> [DATASET SECTION]:
★ ★ ★

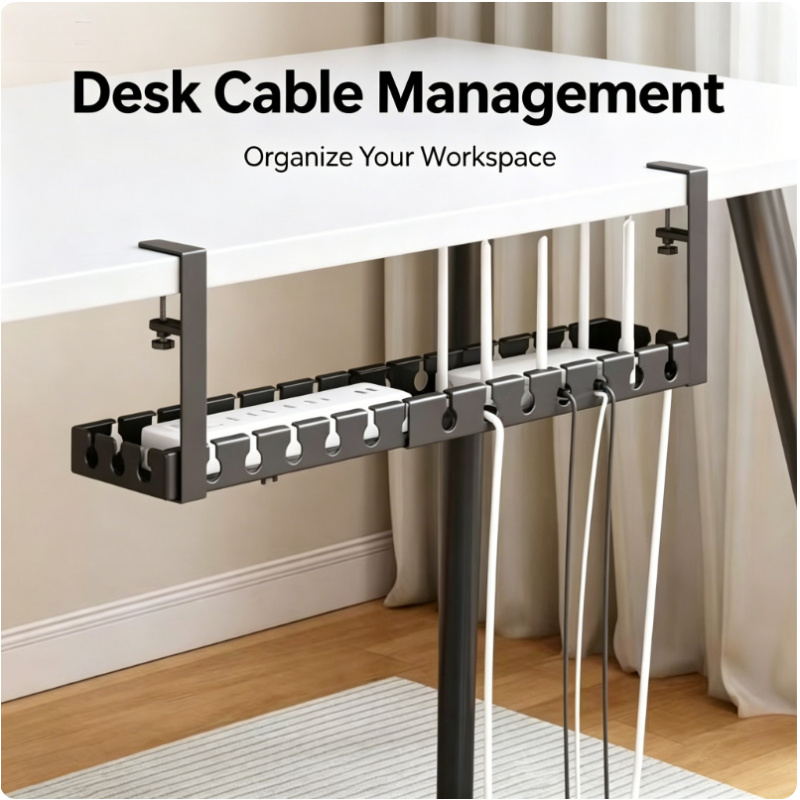 Tech Accessories For Office Desk - 테이블 아래 텔레스코픽 수납 랙 금속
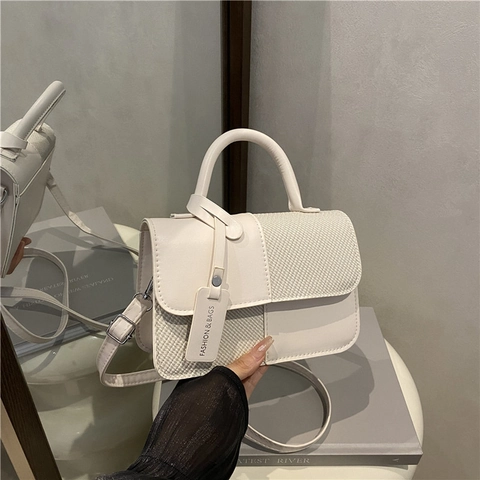 Bolso Bandolera Para Mujer Cuero PU Patchwork Tejido Color Contrastante Pequeño Bolso Cuadrado Con Asa Superior Retro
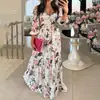 Nueva Colección Otoño 2026 para Mujer: Vestido de Commuter Estilo Europeo y Americano Transfronterizo, Vestido Estampado de Cuello en V Ceñido a la Cintura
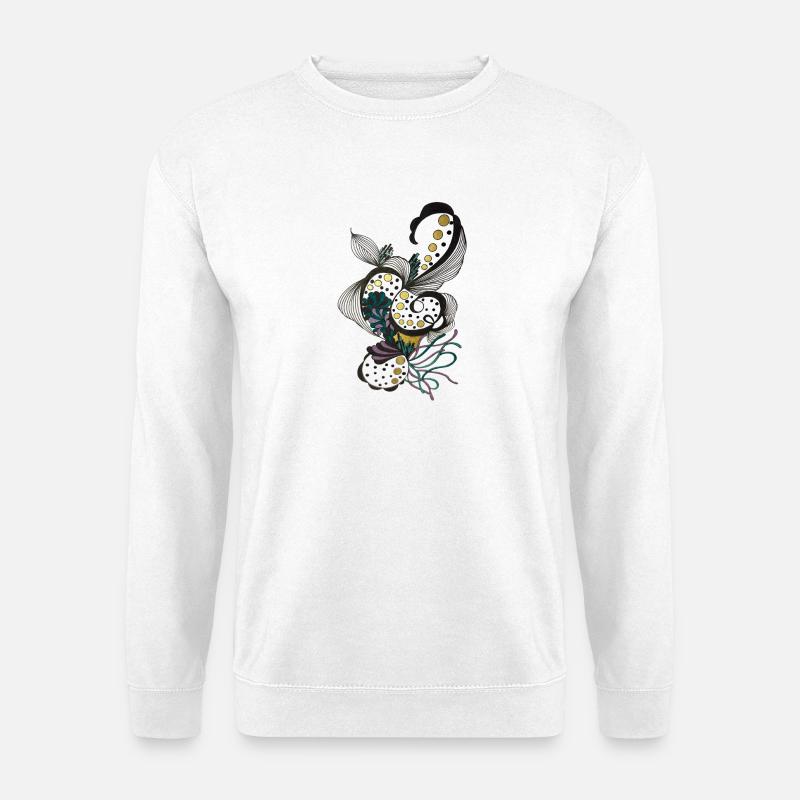 Florale Silhouetten mit Goldpunkten - Unisex Pullover - Weiß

★ ★ ★

> [WORK INSTRUCTION]: Would you return the whole listing exactly, without the pictures?

> [RESULT OF THE TASK]:
 Tech Accessories For Office Desk - 테이블 아래 텔레스코픽 수납 랙 금속
 Bolso Bandolera Para Mujer Cuero PU Patchwork Tejido Color Contrastante Pequeño Bolso Cuadrado Con Asa Superior Retro
 Nueva Colección Otoño 2026 para Mujer: Vestido de Commuter Estilo Europeo y Americano Transfronterizo, Vestido Estampado de Cuello en V Ceñido a la Cintura
 Florale Silhouetten mit Goldpunkten - Unisex Pullover - Weiß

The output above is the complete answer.